The complaint does not show that the assessment is not uniform or proportionate to the assessment of adjacent property, nor that, as compared with such property, the assessor has capriciously or arbitrarily determined the real and assessed value of appellant’s property. Neither does it allege that the valuation of $120,000 as made up in 1912 is not *253the reasonable cash value of the property. It is not a sufficient showing of arbitrariness or fraud to compare appellant’s property below Yesler way with the properties between Pike street and Yesler way, as to their rental values or the relation between their rental income and assessed valuation. Many proper considerations might determine the rental value of property on Second avenue between Yesler way and Pike street that do not enter into the rental value of property on Second avenue south, and the showing of such values of such properties is not a showing of actual or constructive fraud. We have held in Case v. San Juan County, 59 Wash. 222, 109 Pac. 809, and other cases, that, where there is a great disparity between the actual and assessed value, it is evidence of constructive fraud. But it does not seem to us that this rule is properly applicable here under appellant’s allegation that the assessor fixed the value of his building at $33,712, when its actual value did not exceed $30,000.

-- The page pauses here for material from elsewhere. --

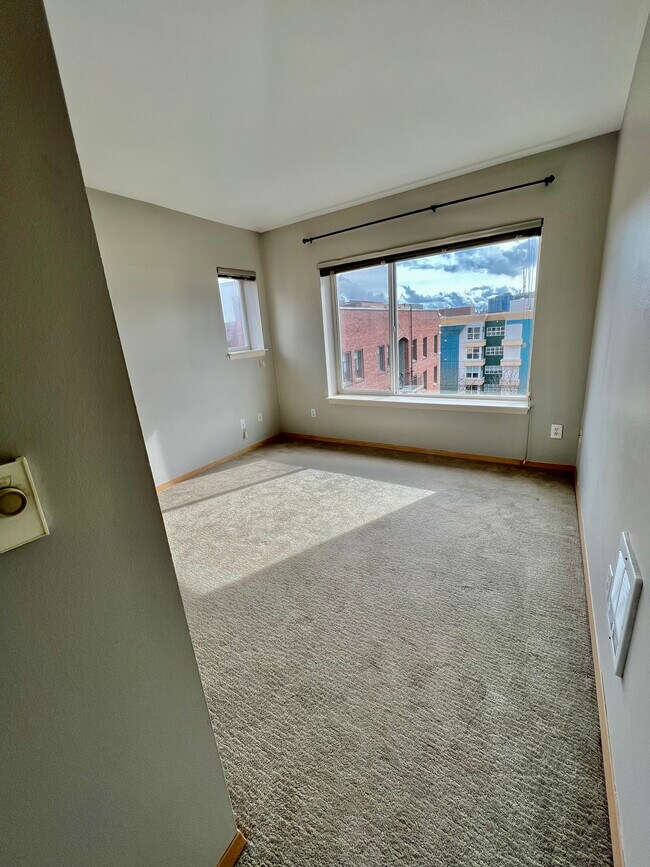Bedroom 1- large picture window - 712 E Denny Way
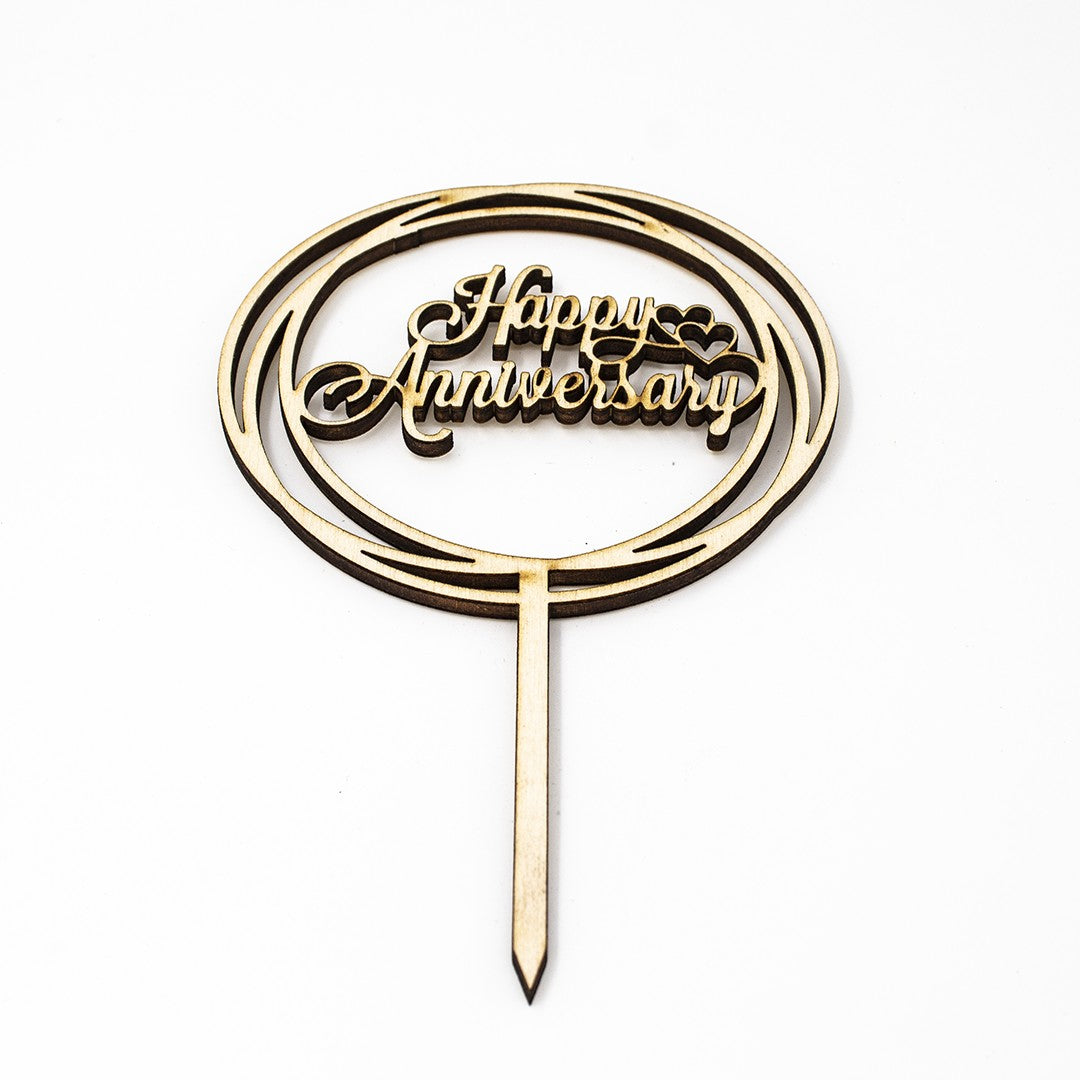 Wooderland laser-cut wooden Happy Anniversary cake topper with elegant script inside a circular frame.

It was early held by this court in Andrews v. King County, 1 Wash. 46, 23 Pac. 409, 22 Am. St. 136, that courts of equity will not interfere to correct errors in judgment as to valuation, as “value is a matter of opinion, and when the law has provided officers upon whom the duty is imposed to make the valuation, it is the opinion of those officers to which the interests of the parties are referred.” And before it can be held that the valuation of the proper assessing officer is not conclusive, there must be some showing that the assessment is not the exercise of the assessor’s judgment, but is the result of a rule or system of valuation designed to operate unequally and to violate the fundamental principles upon which such assessment should be based. This may be done by either showing fraud and arbitrariness in fact, or by alleging conduct on the part of the assessor the effect of which would be fraud in law. When the assessor takes the property of any taxpayer and gives to it a value much greater in proportion to its real value than other like property of other taxpayers, such act is of itself fraud in law; but there is no showing in *254this complaint that such an act has been done. The complaint makes no attempt to compare the assessment of appellant with the assessment of other like property similarily situated, but makes its only comparison between the rental and assessed value of appellant’s property on Second avenue south and the rental and assessed value of property on Second avenue between Pike street and Yesler way, which is not like property similarily situated.

The complaint, in our opinion, fails to state a cause of action, and the judgment is affirmed.

Crow, C. J., Parker, Mount, and Fullerton, JJ., concur.